EXERCISE DIRECTIONS |
From the material below, reproduce exactly the stretch of lines that begins with the line holding "Collier croix anonyme en strass rose" and ends with the line holding "Snapshot of EmmaCoxx", skipping the pictures.

INFORMATION SHOWN |
═══

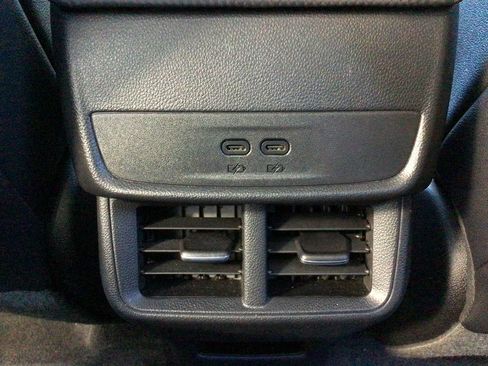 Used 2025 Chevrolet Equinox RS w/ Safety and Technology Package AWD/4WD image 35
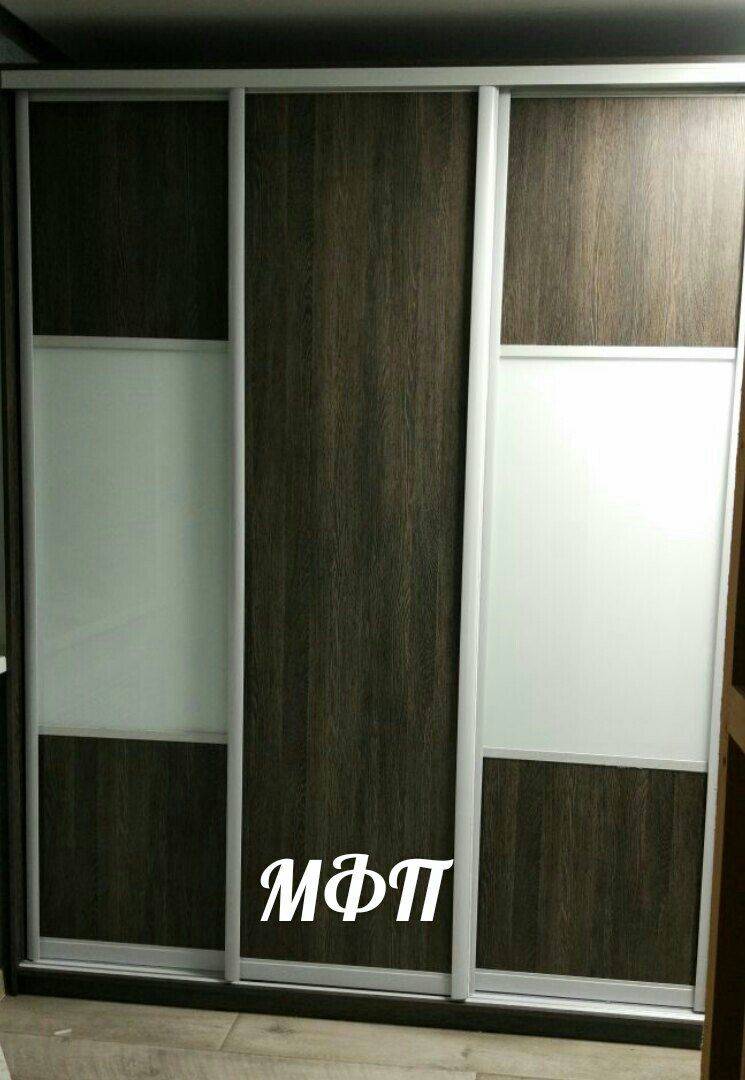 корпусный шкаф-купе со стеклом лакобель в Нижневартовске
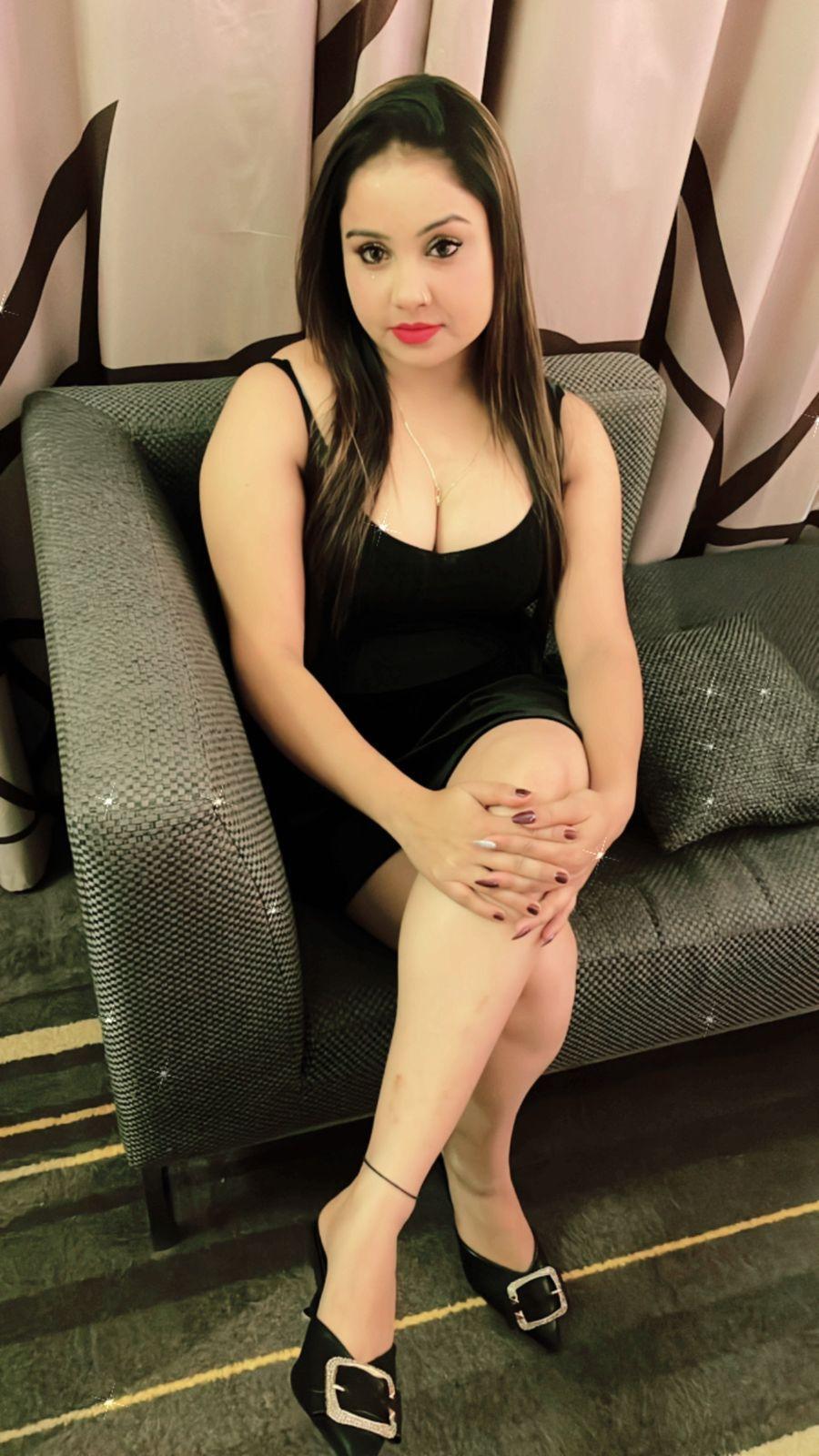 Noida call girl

═══

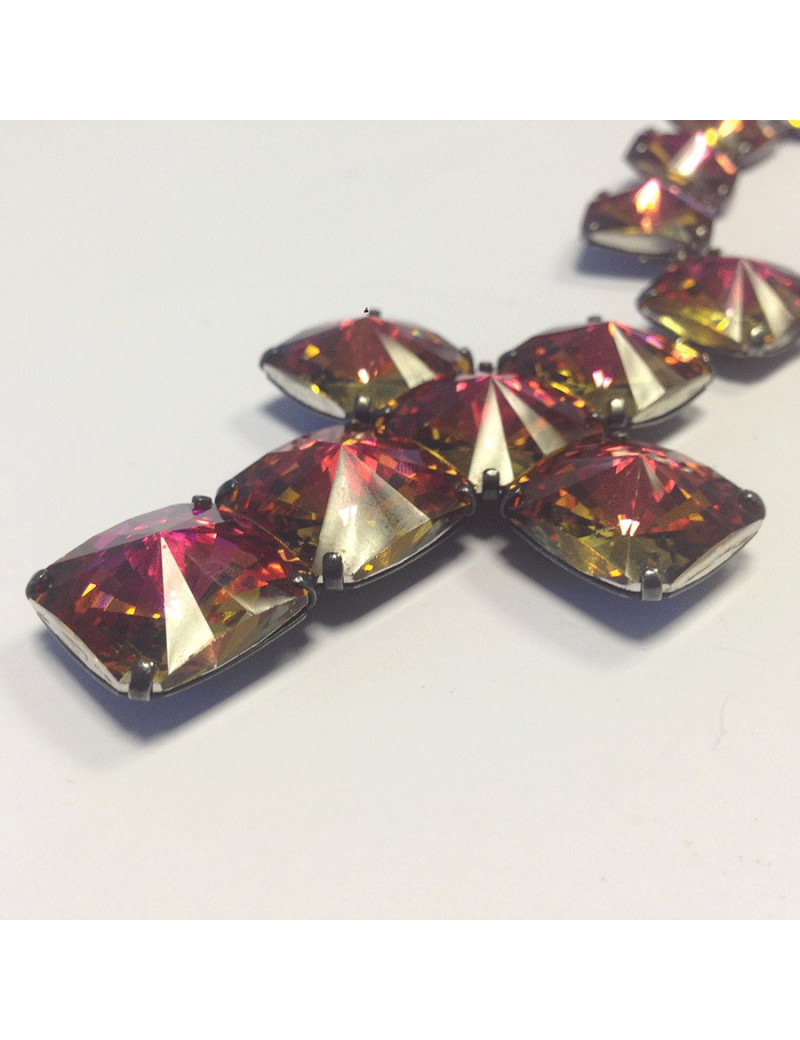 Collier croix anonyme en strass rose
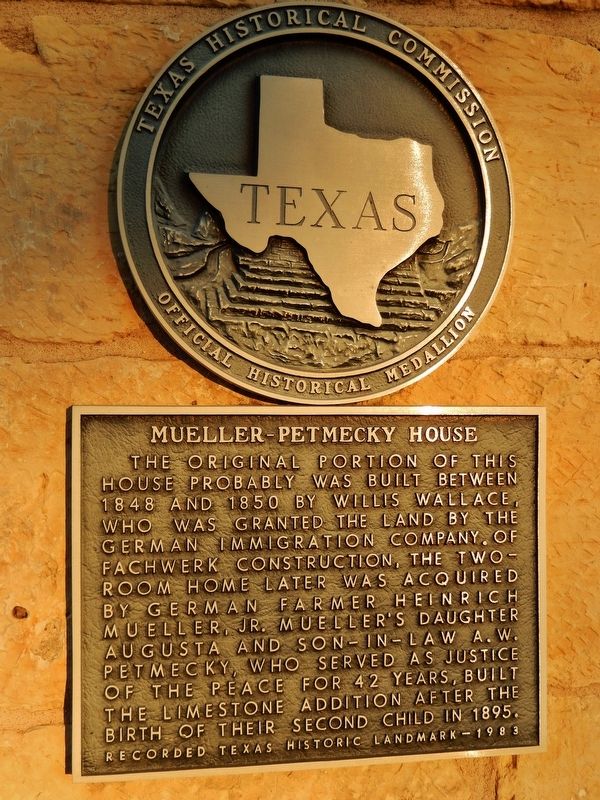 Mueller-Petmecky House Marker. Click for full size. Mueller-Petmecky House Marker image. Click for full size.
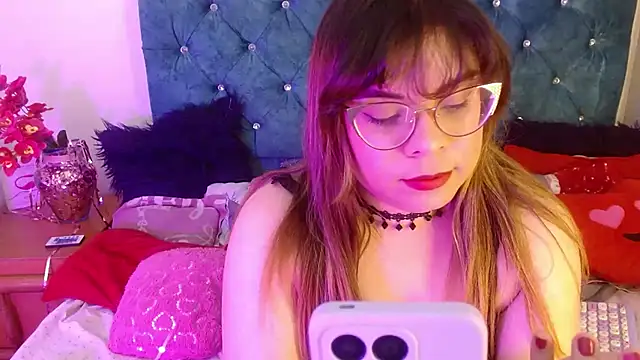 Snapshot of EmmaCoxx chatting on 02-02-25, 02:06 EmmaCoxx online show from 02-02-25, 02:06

═══

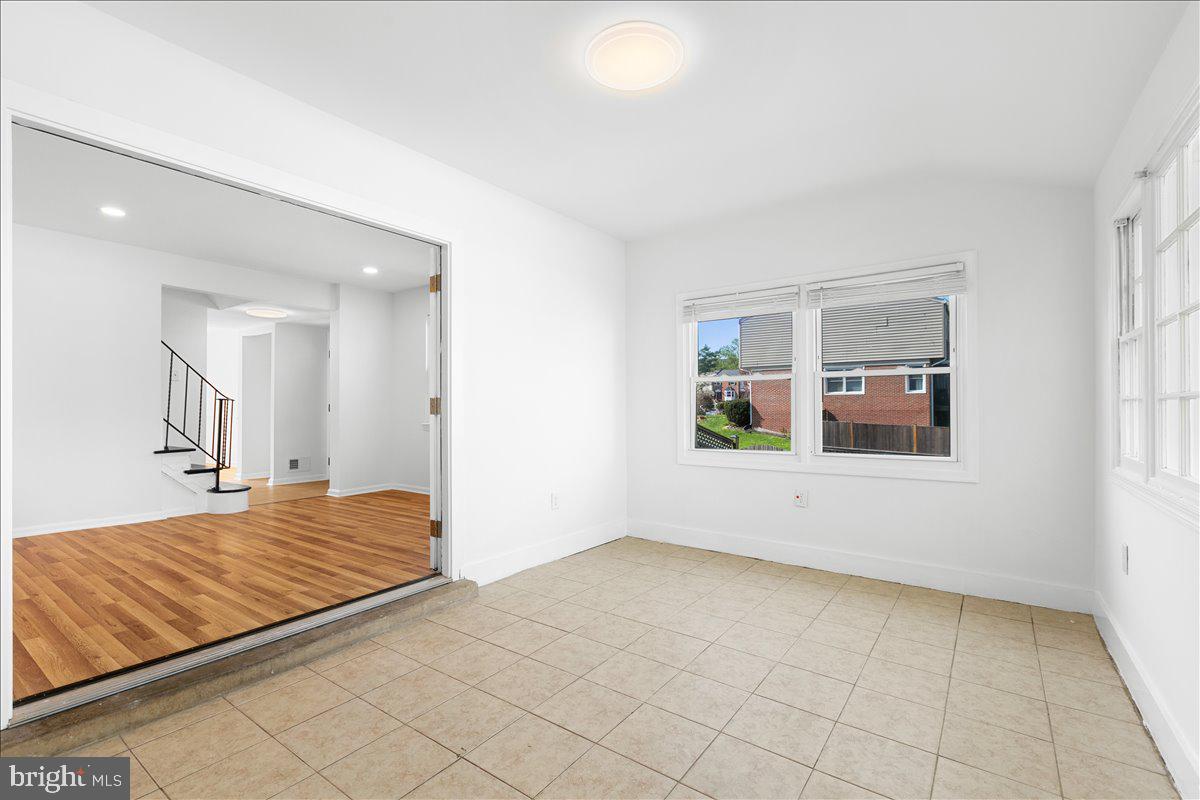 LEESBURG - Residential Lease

═══

ANSWER BELOW |
 Collier croix anonyme en strass rose
 Mueller-Petmecky House Marker. Click for full size. Mueller-Petmecky House Marker image. Click for full size.
 Snapshot of EmmaCoxx chatting on 02-02-25, 02:06 EmmaCoxx online show from 02-02-25, 02:06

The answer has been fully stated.